NewSprout Support Articles
Optimise your WordPress Website
It is a fantastic tool for editing your site once it’s built, however there is a bit of behind the scenes housekeeping and maintenance to be taken care of.
We recommend involving a skilled web developer to do the heavy lifting so you can focus on keeping your content up to date and the best it can be.
If it is not kept optimised and up to date it can very quickly become top heavy and bloated, rendering your site slow and in some extreme cases…useless. Neglected sites often result in an unresponsive user experience.
Optimise your site to be as lean and efficient as possible by doing the following:
Themes & Plugins:
Try to purchase Themes and Plugins – free ones come with risk of their security not being updated regularly, or not being tested extensively with other common theme and plugin combinations. Free Themes could potentially make your site slow and cumbersome, or even break your site at some time down the track.
Minimise Plugins and remove unused Plugins. These become a security threat as they often become neglected and aren’t updated. Because they still exist as part of your site, they can be hacked.
Update Regularly:
1. Take a backup of your site before actioning any updates.
2. Update regularly. If Plugins and Themes are outdated this is a major security concern.

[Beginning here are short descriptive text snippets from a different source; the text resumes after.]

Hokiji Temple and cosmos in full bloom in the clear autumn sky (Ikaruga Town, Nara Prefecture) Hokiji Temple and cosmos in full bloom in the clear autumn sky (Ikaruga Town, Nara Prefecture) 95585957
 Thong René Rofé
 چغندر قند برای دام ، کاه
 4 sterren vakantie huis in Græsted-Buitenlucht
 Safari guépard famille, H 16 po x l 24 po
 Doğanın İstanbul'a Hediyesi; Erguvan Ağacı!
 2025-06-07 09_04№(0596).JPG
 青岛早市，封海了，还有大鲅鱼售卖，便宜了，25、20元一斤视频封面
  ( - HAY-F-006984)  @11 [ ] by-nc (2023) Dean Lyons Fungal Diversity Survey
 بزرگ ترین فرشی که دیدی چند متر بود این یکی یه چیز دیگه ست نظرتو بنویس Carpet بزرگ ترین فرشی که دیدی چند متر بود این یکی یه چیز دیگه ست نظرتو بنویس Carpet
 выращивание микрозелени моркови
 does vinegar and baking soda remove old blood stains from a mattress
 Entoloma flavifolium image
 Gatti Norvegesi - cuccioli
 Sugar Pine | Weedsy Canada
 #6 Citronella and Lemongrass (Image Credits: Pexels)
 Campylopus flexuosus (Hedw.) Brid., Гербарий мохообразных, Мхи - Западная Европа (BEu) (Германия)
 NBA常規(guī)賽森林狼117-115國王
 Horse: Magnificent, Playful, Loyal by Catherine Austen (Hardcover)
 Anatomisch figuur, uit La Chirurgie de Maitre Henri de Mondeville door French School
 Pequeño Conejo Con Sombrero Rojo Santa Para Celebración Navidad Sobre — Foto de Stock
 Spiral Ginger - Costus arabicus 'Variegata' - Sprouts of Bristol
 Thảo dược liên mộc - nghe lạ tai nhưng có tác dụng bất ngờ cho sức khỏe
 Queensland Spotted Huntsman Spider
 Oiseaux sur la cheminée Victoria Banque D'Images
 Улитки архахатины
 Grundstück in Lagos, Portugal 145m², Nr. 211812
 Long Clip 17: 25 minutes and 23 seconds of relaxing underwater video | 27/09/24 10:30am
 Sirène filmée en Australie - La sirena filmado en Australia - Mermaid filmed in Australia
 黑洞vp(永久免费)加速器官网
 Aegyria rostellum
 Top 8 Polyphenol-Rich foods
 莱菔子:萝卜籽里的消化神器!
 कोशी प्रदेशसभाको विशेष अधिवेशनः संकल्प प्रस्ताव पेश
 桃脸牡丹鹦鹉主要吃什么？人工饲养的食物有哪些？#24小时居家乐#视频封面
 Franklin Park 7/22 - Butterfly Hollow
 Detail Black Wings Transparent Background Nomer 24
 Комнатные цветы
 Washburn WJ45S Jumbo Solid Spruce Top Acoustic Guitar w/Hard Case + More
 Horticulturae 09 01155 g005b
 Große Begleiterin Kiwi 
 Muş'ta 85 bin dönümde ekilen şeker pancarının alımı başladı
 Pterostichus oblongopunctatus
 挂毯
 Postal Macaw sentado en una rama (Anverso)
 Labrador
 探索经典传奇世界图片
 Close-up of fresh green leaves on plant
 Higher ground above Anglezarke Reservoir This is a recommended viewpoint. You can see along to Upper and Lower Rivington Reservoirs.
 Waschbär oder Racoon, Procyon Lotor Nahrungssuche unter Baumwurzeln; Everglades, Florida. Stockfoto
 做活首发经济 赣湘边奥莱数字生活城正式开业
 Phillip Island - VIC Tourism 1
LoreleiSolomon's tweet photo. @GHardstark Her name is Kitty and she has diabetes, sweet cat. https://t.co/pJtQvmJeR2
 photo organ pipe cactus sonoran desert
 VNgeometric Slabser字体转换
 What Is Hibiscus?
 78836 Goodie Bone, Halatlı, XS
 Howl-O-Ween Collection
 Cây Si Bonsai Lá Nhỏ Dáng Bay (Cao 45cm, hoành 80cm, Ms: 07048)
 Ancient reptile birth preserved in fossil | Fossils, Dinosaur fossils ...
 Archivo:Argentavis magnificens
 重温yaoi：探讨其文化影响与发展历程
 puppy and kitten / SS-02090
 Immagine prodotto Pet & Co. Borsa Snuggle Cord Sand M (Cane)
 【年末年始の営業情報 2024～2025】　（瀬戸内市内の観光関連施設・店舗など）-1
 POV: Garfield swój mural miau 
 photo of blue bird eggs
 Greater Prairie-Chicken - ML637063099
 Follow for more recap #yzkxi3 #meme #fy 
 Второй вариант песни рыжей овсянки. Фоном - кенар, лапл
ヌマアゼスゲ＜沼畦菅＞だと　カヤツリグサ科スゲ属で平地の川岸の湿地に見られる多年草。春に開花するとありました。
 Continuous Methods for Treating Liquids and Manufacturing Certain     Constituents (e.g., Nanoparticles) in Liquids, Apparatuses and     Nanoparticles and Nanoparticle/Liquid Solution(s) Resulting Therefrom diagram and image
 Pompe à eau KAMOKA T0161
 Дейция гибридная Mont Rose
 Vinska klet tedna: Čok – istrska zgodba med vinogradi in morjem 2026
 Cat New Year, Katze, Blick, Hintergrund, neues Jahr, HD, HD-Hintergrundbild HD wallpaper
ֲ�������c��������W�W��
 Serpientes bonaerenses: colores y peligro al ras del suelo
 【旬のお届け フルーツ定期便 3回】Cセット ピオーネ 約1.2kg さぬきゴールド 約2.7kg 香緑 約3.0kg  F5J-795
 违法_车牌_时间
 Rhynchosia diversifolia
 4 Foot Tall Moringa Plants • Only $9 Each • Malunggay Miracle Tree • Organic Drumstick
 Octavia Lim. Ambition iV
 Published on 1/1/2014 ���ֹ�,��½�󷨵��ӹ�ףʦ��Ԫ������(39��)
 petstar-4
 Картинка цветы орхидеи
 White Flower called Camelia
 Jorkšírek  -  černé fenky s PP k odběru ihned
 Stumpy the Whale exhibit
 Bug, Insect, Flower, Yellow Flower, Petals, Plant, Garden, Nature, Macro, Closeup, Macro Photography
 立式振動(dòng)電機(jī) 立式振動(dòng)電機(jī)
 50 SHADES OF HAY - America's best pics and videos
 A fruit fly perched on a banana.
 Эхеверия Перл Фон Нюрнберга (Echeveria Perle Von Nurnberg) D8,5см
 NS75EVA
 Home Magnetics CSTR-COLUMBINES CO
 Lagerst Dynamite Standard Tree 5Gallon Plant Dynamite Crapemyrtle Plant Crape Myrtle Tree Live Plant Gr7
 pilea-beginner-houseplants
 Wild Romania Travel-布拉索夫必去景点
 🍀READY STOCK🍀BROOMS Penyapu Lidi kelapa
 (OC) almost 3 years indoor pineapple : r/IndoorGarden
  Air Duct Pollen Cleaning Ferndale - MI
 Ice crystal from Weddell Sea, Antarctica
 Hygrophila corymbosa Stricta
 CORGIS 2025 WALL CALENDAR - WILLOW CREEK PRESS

3. Update Plugins and Themes one at a time. If an update somehow breaks part of your site then you know which one has done it and can easily correct it by restoring a backup that you have taken locally, which you should, or your host may have a backup.
Optimise Images:
All too often site’s images are way too big, which can cause lots of unnecessary load and delays.
1. For example by just dropping the Resolution from 300DPI to 72DPI drops the size by a third immediately (from 1MB to 300KB).
You may say “but dropping the DPI will affect the resolution of my image!”. No, it will not. Dropping the DPI has absolutely no affect on any web based image. 72DPI is optimal for web and you cannot tell the difference. 300DPI is only necessary for print media which you can always supply directly from the original image.
2. If the physical size is also dropped from 1200 to 600 wide too, then the image drops to 100KB. The physical size would decrease quality slightly, so that is a decision to make, however the point is, all images on the site need optimising to 72DPI and reducing the width to an acceptable standard.
3. This can be a lot more tricky than it sounds, so this is a very basic guide of where to start. If in doubt we recommend getting a qualified professional involved like a graphic designer or web developer.
The most important thing to do is to export images to your CMS at the pixel dimensions at which the image will be displayed. This becomes a bit tricky in web use, where people are viewing your images on any number of different devices, all with different screen sizes and resolutions, but most CMS’s like WordPress will allow for this. That’s why these days creating a WordPress site on your desktop or laptop will also instantly look great on a smart phone, iPad, or tablet.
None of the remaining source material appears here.